The age of the tools supports the theory that our ancestors — possibly Homo erectus, an archaic human believed to have gone extinct at least 117,000 years ago — journeyed into Europe from the east and continued to spread west.
“Until now, there was no strong evidence for an east-to-west migration,” said Roman Garba, an archaeologist at the Czech Academy of Sciences in Prague and co-lead author of the Nature paper, in Nature News.
Dating the Tools
The team used a dating method based on cosmogenic nuclides to determine the date of the tools from the Korolevo site. Cosmogenic nuclides are rare isotopes created when high-energy cosmic rays interact with chemical elements in minerals on Earth’s surface.
The team observed the ratio of specific cosmogenic nuclides in the sediment layer where the tools were buried, concluding that the tools were an estimated 1.4 million years old.
Previously, the earliest dated evidence of archaic humans in Europe were fossils and stone tools discovered at caves in Spain and France. Both sets of evidence — featured in two prior studies — are 1.1 million to 1.2 million years old.
The Tools of Homo Erectus
Researchers suggest the tools might have belonged to Homo erectus; the Korolevo tools contain similarities to other tools discovered at sites in the Caucasus Mountains dated to around 1.8 million years ago — most notably at Dmanisi in Georgia, where numerous fossils classified as remnants of H. erectus have been found.
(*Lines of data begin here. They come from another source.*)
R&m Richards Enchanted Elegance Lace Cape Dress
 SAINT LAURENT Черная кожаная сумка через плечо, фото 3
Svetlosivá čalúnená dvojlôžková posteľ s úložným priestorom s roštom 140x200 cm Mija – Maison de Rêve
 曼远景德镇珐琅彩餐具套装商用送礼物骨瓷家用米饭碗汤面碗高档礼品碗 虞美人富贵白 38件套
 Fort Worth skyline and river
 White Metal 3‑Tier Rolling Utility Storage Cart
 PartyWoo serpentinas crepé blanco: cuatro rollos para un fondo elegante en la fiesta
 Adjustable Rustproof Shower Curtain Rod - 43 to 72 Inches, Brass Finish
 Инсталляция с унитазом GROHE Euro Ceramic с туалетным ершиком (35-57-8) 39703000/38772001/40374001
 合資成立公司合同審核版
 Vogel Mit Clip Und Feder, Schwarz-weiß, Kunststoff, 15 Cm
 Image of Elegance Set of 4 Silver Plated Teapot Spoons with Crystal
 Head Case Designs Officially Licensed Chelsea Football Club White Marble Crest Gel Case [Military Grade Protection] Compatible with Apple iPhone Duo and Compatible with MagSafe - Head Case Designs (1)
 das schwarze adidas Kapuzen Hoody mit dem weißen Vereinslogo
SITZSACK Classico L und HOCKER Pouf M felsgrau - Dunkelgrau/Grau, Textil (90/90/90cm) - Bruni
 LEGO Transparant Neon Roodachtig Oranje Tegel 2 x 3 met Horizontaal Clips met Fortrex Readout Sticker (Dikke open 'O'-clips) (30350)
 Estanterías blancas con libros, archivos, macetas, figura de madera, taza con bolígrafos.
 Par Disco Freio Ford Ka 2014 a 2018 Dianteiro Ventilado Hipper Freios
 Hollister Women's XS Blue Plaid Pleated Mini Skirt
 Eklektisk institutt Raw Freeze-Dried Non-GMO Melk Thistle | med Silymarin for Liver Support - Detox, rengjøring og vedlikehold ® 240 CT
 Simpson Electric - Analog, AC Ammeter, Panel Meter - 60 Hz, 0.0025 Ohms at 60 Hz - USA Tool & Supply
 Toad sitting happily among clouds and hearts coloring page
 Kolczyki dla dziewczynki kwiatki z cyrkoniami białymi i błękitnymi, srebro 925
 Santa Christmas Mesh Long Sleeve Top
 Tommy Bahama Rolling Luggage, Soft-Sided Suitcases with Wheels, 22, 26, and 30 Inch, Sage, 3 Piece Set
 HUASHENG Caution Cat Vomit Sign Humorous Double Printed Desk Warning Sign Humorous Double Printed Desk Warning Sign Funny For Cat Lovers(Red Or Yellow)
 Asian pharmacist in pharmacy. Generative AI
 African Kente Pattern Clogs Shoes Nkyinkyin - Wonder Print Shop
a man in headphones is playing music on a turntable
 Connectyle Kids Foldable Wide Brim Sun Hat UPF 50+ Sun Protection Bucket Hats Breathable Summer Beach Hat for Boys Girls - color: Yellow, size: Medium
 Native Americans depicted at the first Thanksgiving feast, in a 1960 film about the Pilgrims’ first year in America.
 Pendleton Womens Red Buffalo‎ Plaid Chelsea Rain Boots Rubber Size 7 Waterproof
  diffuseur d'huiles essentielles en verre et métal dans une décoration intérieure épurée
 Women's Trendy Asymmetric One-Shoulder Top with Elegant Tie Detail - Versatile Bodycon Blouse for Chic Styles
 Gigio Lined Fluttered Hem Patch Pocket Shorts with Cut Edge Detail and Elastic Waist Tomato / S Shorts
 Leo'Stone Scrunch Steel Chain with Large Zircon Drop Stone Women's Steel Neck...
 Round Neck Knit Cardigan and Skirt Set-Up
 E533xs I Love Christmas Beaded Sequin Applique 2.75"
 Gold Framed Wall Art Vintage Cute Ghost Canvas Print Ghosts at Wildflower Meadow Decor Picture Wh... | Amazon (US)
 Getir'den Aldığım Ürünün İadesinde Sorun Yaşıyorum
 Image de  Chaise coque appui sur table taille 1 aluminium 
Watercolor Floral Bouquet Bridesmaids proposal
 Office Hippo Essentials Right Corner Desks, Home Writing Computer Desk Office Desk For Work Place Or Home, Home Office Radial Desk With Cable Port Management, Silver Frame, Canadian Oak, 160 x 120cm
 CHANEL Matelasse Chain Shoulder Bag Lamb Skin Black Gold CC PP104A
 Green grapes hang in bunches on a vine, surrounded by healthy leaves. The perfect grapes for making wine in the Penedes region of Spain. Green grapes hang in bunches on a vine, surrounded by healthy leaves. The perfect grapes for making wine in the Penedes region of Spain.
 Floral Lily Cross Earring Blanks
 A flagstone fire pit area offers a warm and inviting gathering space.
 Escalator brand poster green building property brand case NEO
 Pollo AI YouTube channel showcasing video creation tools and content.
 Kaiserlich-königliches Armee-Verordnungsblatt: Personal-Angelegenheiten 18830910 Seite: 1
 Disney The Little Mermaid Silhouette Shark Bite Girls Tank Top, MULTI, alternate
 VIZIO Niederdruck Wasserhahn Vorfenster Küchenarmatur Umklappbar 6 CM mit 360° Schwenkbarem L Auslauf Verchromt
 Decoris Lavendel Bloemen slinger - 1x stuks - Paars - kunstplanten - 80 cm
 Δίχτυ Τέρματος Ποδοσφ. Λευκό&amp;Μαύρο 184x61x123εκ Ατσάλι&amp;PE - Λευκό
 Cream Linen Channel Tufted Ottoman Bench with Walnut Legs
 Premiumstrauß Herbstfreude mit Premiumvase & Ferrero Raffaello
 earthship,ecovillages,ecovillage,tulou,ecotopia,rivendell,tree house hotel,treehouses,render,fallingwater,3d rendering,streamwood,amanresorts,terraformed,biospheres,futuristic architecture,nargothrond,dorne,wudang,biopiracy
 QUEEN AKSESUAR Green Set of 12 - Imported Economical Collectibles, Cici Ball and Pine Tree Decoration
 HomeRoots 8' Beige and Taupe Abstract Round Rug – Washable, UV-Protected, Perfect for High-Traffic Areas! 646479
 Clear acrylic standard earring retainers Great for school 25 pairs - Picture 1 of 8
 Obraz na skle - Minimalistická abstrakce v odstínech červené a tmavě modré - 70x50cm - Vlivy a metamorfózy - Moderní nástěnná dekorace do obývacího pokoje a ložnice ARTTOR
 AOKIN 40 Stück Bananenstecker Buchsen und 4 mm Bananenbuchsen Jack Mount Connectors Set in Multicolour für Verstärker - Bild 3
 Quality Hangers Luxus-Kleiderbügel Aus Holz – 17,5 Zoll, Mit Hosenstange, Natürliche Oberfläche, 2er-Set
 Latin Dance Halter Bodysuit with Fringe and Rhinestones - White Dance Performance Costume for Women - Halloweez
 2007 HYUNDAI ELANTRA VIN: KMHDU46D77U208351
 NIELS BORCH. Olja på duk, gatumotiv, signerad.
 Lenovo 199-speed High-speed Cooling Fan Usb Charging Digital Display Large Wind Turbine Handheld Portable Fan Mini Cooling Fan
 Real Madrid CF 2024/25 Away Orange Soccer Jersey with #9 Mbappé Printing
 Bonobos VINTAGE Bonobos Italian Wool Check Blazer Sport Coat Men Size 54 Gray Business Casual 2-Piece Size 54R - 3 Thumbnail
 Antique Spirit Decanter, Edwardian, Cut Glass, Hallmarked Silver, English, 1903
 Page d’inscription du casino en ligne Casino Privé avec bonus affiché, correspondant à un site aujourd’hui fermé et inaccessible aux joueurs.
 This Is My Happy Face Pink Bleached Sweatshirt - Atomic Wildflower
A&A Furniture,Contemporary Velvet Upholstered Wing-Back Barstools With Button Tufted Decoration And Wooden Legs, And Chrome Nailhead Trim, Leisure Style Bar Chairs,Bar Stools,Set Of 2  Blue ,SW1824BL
Although the dating appears to validate the westward movement of H. erectus into Europe, it is not certain that the hominin species made the tools as there were no human remains found at Korolevo.
Korolevo stands at a vital junction in archaeological history; older sites have been discovered further toward Asia, while younger sites occupy southwestern Europe. Various sites that precede Korolevo in age have shown the initial dispersal of early humans based on the presence of Oldowan tools, the earliest stone tool industry. Researchers have found 2.1 million-year-old tools in China, 2.4 million-year-old tools in North Africa, and nearly 2.5 million-year-old tools in Jordan.
The recent findings ultimately lend credence to the idea that the first humans to inhabit Europe entered from the east and potentially advanced through the valleys of the Danube River.